Reminds me of Clarkson with his V8 kitchen blender.


----------



## muzzer (Feb 13, 2011)

Think this is the guy who has a 70mph mobility scooter and there is a video of him whizzing about on it in the snow. Crazy man but very clever


----------



## Starbuck88 (Nov 12, 2013)

Imagine living next to this guy hahaha


----------



## RaceGlazer (Jan 10, 2007)

He lives locally, well known nutter but very clever


----------



## Ben. (Sep 7, 2009)

Starbuck88 said:


> Imagine living next to this guy hahaha
> 
> Homemade Hoverbike - YouTube


If you think that one is bad, look at his series where he builds an underground bunker in his back garden!


----------



## Cookies (Dec 10, 2008)

That's brilliant. I always wondered who the guy was on the seriously quick mobility scooter.

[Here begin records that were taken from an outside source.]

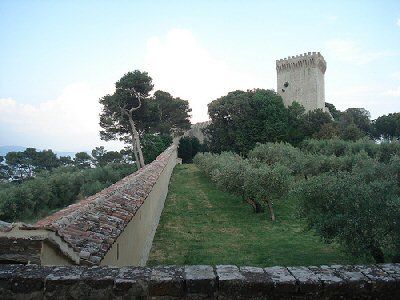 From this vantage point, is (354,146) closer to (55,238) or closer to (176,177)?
(176,177)

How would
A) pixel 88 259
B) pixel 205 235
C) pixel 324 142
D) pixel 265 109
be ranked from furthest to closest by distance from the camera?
pixel 265 109 < pixel 324 142 < pixel 205 235 < pixel 88 259

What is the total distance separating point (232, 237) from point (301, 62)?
1958 inches

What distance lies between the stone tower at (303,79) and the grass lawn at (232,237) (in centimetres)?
3903

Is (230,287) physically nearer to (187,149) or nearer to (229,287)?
(229,287)

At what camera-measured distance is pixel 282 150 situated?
32781mm

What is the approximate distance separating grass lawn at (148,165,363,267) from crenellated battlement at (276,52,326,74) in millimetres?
41009

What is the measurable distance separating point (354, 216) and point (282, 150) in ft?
72.3

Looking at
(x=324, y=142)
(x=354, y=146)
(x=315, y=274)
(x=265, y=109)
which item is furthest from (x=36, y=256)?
(x=265, y=109)

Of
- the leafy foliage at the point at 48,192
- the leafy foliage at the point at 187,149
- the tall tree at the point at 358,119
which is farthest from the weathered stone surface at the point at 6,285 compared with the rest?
the tall tree at the point at 358,119

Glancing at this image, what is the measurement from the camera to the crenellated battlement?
59250mm

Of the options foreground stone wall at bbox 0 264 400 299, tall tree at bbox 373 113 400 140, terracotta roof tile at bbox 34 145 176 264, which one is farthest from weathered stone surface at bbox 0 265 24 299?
tall tree at bbox 373 113 400 140

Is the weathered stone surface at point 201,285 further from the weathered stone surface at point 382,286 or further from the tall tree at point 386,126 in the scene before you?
the tall tree at point 386,126

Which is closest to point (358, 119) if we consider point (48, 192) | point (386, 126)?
point (386, 126)

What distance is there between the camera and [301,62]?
59906mm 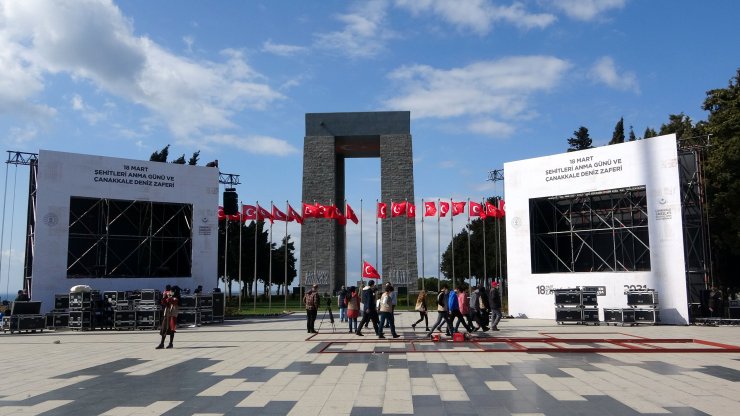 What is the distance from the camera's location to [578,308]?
23.3 metres

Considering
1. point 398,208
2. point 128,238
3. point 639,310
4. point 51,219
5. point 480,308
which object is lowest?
point 639,310

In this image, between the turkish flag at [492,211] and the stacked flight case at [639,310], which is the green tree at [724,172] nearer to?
the stacked flight case at [639,310]

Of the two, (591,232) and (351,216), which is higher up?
(351,216)

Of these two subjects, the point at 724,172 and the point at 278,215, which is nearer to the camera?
the point at 724,172

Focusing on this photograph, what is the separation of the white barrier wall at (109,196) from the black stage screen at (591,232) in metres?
15.0

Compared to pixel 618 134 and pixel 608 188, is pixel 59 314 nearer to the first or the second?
pixel 608 188

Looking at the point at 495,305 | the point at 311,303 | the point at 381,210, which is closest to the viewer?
the point at 311,303

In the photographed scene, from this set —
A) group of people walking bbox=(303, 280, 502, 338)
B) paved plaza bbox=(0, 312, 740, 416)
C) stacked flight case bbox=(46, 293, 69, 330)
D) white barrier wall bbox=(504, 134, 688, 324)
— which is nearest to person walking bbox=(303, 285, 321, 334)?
group of people walking bbox=(303, 280, 502, 338)

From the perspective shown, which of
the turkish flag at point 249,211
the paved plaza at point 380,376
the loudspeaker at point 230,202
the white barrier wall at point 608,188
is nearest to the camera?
the paved plaza at point 380,376

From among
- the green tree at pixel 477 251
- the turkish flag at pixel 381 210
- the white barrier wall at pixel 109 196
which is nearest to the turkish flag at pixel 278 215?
the turkish flag at pixel 381 210

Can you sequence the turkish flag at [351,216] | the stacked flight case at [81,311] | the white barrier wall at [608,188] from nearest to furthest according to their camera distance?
the white barrier wall at [608,188] → the stacked flight case at [81,311] → the turkish flag at [351,216]

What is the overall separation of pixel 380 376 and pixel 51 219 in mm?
18941

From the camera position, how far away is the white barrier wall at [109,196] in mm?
23344

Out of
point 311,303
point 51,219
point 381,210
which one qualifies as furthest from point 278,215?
point 311,303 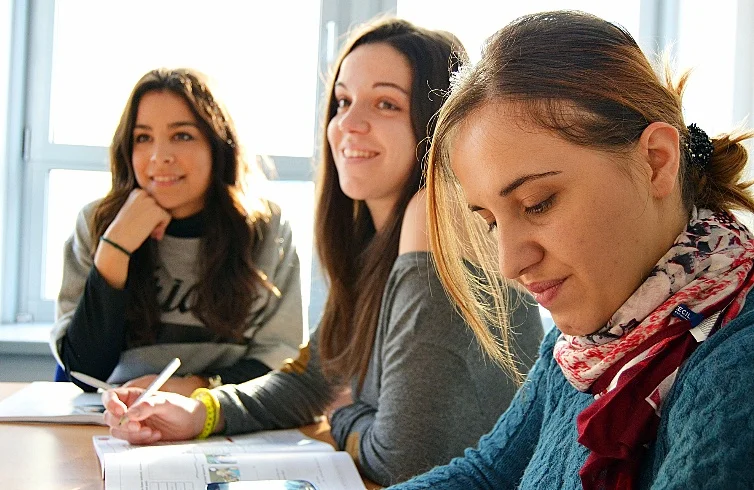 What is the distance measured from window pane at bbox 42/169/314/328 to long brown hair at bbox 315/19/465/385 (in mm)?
1219

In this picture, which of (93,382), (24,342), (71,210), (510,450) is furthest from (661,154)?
(71,210)

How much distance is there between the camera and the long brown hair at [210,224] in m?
1.95

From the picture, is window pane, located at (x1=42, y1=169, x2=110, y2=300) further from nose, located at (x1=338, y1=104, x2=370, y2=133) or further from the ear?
the ear

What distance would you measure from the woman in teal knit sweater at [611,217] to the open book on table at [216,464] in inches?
17.2

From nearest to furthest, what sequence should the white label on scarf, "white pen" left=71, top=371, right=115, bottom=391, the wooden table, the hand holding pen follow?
the white label on scarf, the wooden table, the hand holding pen, "white pen" left=71, top=371, right=115, bottom=391

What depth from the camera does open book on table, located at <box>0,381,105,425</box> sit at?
5.08 ft

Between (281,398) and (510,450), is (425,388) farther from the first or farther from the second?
(281,398)

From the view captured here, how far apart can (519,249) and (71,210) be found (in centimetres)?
244

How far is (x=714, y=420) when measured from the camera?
0.66 m

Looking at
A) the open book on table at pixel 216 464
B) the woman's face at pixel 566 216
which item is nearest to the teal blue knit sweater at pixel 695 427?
the woman's face at pixel 566 216

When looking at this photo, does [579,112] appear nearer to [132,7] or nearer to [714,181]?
[714,181]

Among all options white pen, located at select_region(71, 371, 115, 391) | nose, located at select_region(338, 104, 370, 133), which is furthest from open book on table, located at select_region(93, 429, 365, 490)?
nose, located at select_region(338, 104, 370, 133)

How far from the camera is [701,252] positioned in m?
0.80

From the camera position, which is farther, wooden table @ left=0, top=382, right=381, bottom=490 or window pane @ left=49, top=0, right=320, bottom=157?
window pane @ left=49, top=0, right=320, bottom=157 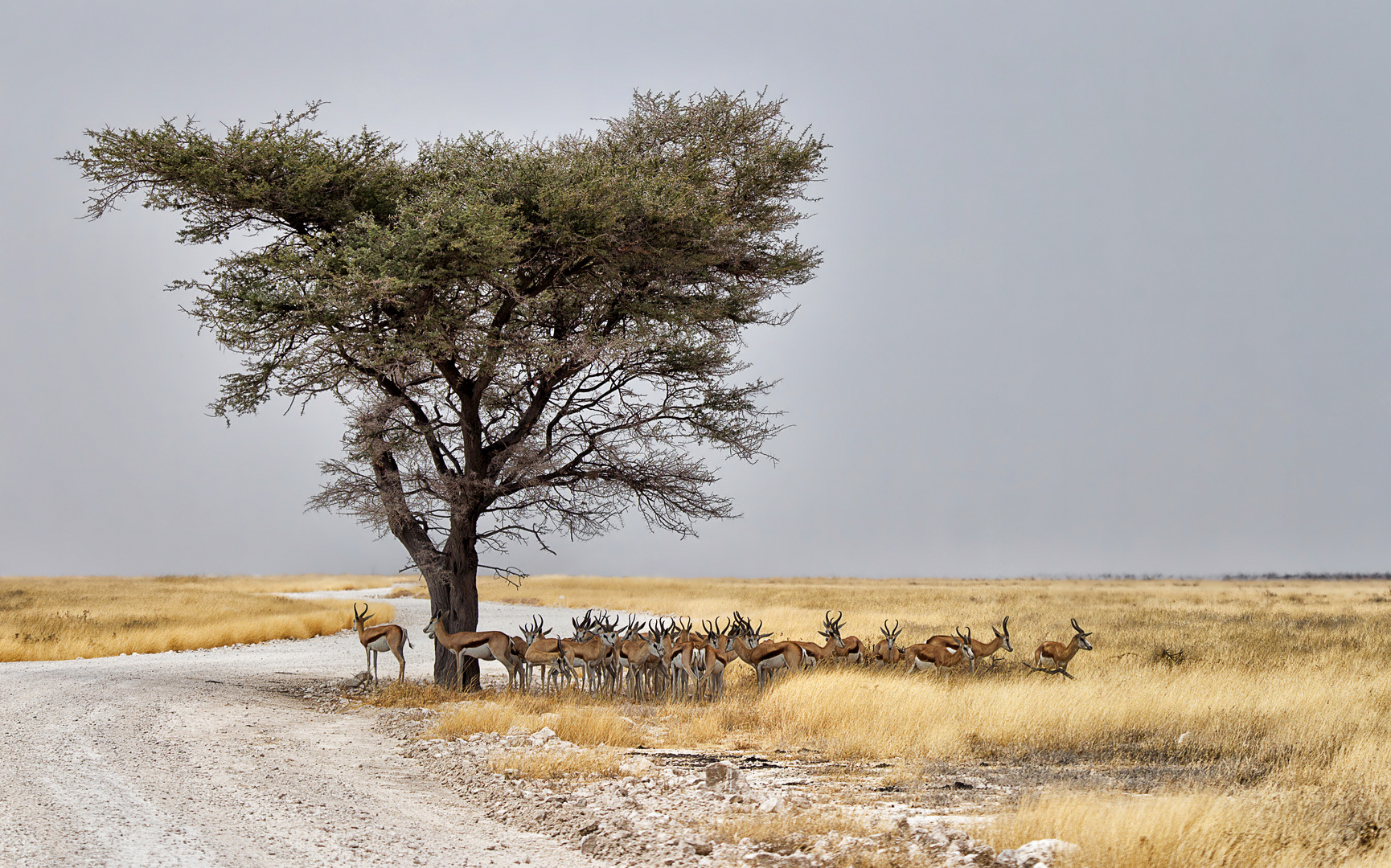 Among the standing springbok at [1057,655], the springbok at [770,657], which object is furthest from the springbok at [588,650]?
the standing springbok at [1057,655]

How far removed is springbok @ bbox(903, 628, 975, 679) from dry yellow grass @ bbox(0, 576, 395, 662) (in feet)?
65.0

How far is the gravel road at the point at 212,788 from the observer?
7.01 meters

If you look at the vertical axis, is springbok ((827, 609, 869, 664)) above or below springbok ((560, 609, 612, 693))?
below

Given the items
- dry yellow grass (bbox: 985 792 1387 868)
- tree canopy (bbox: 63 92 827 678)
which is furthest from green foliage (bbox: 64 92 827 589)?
dry yellow grass (bbox: 985 792 1387 868)

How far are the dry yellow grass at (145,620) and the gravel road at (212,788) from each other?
28.7 ft

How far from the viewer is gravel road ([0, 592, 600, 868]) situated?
7.01m

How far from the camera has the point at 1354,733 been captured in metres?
11.1

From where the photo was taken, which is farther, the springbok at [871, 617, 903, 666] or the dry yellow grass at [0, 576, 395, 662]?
the dry yellow grass at [0, 576, 395, 662]

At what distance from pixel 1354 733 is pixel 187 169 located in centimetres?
1810

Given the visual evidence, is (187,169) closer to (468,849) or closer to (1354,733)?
(468,849)

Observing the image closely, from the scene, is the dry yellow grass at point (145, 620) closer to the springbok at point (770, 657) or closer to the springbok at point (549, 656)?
the springbok at point (549, 656)

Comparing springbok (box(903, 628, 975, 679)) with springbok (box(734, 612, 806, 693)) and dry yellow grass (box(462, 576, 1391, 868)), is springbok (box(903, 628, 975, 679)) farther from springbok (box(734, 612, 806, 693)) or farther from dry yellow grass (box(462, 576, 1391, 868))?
springbok (box(734, 612, 806, 693))

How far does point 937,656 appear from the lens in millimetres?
16719

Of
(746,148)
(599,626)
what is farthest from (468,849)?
(746,148) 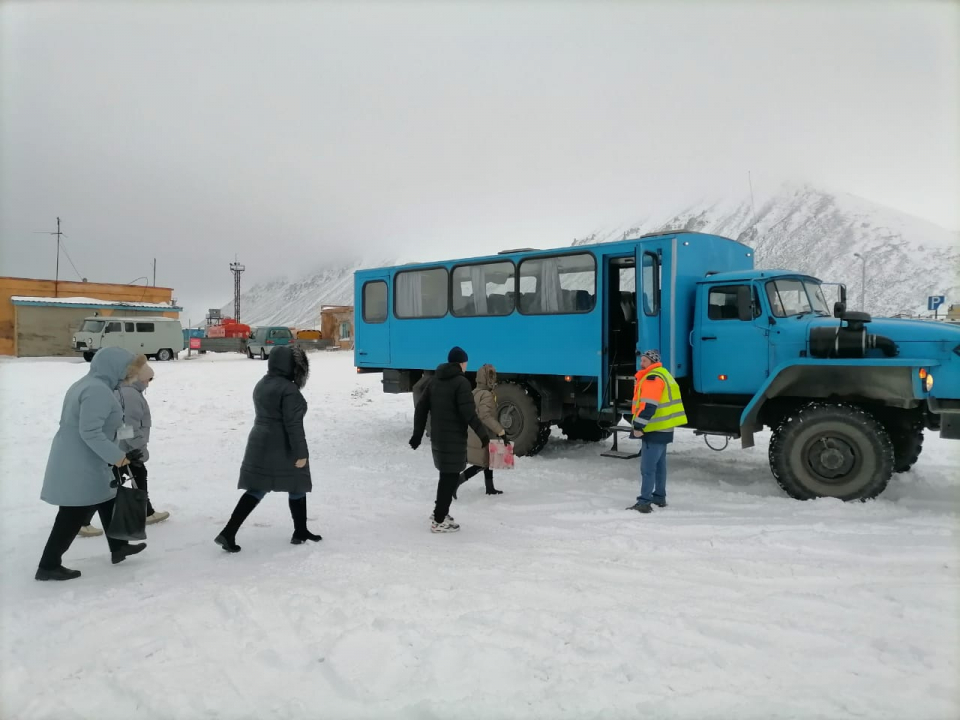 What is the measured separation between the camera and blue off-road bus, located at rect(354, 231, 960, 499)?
6.35 m

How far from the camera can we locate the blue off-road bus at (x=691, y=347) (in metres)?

Good find Jamie. 👍 

Cooks 



Sent from my D6603


----------



## den656 (Mar 30, 2014)

This guy is pretty entertaining , found his home made big swing pretty freaky lol .


----------



## Kerr (Mar 27, 2012)

Looks amazing fun. 

4m subscribers and I hadn't heard of him before.


----------



## Starbuck88 (Nov 12, 2013)

Kerr said:


> Looks amazing fun.
> 
> 4m subscribers and I hadn't heard of him before.


I know tell me about it, that's why I started the thread  share the love!


----------